**Brief:**
Scan the data below for the string "фото". Show every line where it turns up.
-- Records supplied follows --
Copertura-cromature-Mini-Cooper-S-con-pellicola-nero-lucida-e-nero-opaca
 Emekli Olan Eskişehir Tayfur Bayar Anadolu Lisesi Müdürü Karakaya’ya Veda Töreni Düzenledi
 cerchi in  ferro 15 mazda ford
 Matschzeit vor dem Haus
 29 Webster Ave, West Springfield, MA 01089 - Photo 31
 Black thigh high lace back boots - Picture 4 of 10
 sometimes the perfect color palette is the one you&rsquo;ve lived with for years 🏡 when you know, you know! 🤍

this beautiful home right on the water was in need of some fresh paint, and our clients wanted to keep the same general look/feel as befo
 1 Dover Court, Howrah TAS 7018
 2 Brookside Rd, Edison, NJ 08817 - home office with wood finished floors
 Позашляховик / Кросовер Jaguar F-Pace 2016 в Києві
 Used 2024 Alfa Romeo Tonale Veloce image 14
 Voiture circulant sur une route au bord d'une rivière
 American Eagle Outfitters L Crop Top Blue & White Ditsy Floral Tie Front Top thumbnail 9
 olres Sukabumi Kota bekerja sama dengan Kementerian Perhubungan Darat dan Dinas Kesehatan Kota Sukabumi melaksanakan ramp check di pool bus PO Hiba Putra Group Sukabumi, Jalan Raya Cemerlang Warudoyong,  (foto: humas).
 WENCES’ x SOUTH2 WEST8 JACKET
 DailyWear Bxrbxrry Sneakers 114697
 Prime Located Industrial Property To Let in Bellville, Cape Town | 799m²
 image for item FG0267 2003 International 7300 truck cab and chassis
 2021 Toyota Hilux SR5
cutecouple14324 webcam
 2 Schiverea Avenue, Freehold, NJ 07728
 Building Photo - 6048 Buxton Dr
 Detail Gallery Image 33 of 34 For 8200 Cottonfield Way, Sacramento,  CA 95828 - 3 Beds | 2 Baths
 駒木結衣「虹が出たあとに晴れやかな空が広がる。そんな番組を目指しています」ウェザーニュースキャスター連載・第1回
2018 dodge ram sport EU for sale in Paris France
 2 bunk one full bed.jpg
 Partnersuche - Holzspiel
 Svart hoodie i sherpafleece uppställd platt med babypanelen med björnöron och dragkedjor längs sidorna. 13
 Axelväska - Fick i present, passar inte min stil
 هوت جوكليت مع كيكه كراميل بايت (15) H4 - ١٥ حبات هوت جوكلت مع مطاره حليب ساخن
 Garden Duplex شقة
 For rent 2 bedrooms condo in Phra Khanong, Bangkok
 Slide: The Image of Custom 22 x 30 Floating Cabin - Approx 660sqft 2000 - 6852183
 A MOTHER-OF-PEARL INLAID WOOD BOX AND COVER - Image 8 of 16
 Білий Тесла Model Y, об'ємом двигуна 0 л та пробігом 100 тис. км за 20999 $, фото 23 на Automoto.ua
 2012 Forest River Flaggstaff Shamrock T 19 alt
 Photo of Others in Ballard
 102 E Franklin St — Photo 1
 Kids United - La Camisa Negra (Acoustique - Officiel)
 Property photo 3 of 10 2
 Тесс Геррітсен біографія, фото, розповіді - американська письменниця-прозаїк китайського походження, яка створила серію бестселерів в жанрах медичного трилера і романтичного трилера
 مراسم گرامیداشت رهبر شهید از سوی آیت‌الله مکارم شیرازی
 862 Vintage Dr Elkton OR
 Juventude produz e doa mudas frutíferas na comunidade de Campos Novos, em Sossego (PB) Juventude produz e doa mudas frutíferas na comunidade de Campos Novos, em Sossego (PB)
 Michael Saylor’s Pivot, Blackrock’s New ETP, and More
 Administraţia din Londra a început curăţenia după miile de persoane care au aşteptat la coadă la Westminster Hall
-- Records supplied concluded --
**Answer space:**
 Білий Тесла Model Y, об'ємом двигуна 0 л та пробігом 100 тис. км за 20999 $, фото 23 на Automoto.ua
 Тесс Геррітсен біографія, фото, розповіді - американська письменниця-прозаїк китайського походження, яка створила серію бестселерів в жанрах медичного трилера і романтичного трилера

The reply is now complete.